--- WHAT IS REQUIRED ---
Please output the line containing "Umhänge Tasche - Kleiderhaufen" and all lines that follow it in the data below, exactly, with no pictures.

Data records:
+++

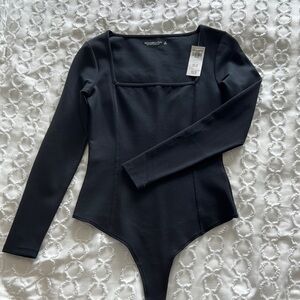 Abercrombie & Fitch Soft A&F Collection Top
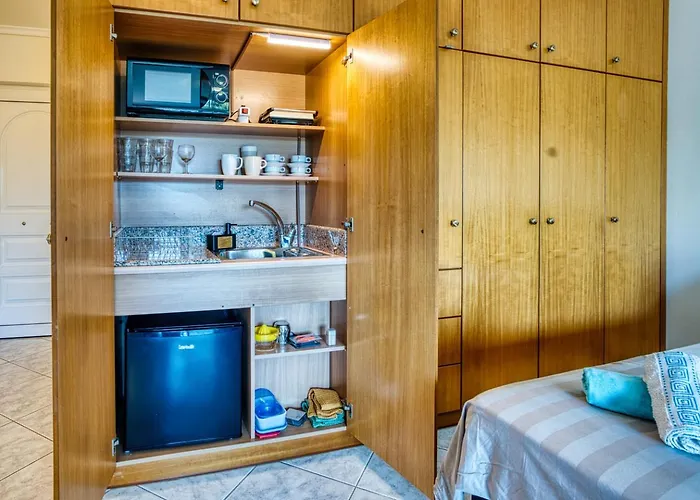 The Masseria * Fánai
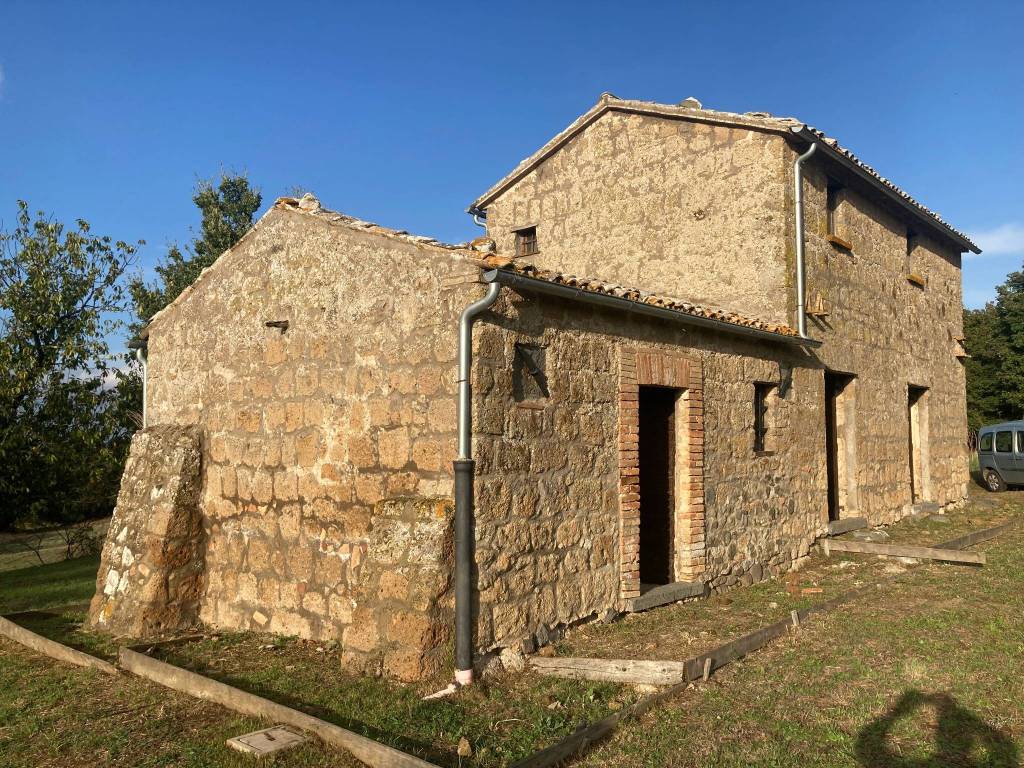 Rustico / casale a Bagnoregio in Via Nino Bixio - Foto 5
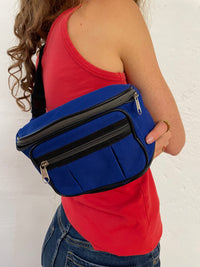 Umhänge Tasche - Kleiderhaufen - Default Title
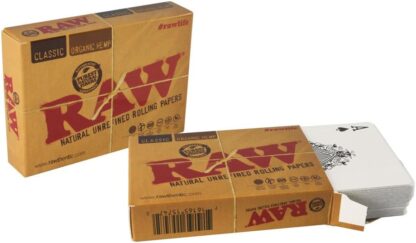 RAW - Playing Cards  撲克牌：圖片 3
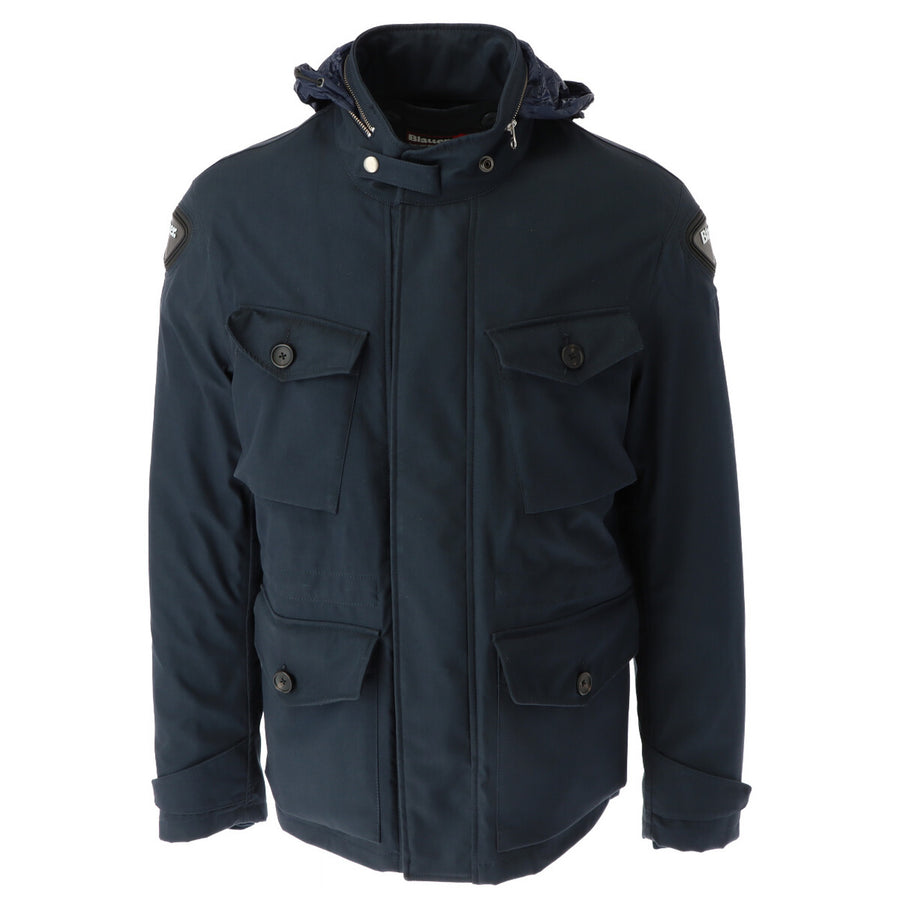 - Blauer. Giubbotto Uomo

+++

--- EXERCISE OUTPUT ---
 Umhänge Tasche - Kleiderhaufen - Default Title
 RAW - Playing Cards  撲克牌：圖片 3
 - Blauer. Giubbotto Uomo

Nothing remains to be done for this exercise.